Kinkel then forwarded that list, complete with students’ personal information, campus-wide. He also included the name of an alleged campus rape victim in a report to his leadership team, incorrectly sending out private information, the report states.

The list of indiscretions is lengthy, including allegations of pressuring teachers to give basketball players good grades and even hiring an assistant coach for a position he wasn’t qualified to take.

As a result of the probe, the audit committee advised Motlow State to take several steps, including revising its hiring policy, setting up a process for all personnel action, developing policies for contact between the athletic department and administration with faculty and handling confidential information, just to name a few.

Tydings gave Kinkel a draft of the report, and he responded by saying he was “mortified” by the idea he put a “sense of fear” into some employees.

Devastated by the TBR draft report, Kinkel denied pressuring any professors to hand out grades for ballplayers and hoped to rectify the situation. Tracy and Bowling both say they believe he should have been given the opportunity to do better.

“My preference would have been … if they have some concerns with Dr. Kinkel, and this would go with anyone across the board, if they haven’t done anything unethical, if they haven’t done anything that would warrant being fired, at least give them an improvement plan and give them an opportunity to address those concerns,” Tracy explains.

The analysis

But he wasn’t that fortunate.

Instead, he’ll have to depend on the comptroller’s audit to clear this mark from an otherwise stellar record, one including a stint as a state lawmaker in Minnesota.

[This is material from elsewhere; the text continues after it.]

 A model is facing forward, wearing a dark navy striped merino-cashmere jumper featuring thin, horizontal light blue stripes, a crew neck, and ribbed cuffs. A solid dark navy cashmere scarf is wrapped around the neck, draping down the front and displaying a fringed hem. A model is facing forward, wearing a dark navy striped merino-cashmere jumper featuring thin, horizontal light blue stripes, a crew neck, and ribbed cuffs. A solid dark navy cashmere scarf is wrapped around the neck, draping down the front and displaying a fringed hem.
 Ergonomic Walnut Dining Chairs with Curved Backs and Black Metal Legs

No matter what the comptroller finds, though, Kinkel is persona non-grata in Tennessee government. Even if he were to regain a job or had kept his Motlow presidency, the board would have been looking over his shoulder every day.

And despite playing it nice right now, calling the Motlow State staff and administration one of the best he’s ever worked with, one gets the feeling he’ll let it all hang out when his contract ends Sept. 30.

In an at-will work state, his best bet would be to move on, because that’s what the TBR will do, continue the Haslam Drive to 55.

As Tracy points out, one of Kinkel’s biggest drawbacks was his personality. He was probably too aggressive, too quick to make changes, and he was an outsider. Not only does he have a Northern accent, he made his bones outside the Board of Regents. And he came here at the request of Morgan, who’s no longer in the loop to protect him.

Despite a convincing letter from retired Motlow State professor Janice Harder questioning the statistics and validity of the TBR audit, his days are done here.

It’s a little odd, considering Tennessee doesn’t let many college presidents go. In fact, some are still working despite transgressions much worse than Kinkel’s. But they had better politics. Kinkel just didn’t have time to build up his political weapons in this part of the South.

Sam Stockard is a Nashville-based reporter covering the Legislature for the Nashville Ledger and Memphis Daily News.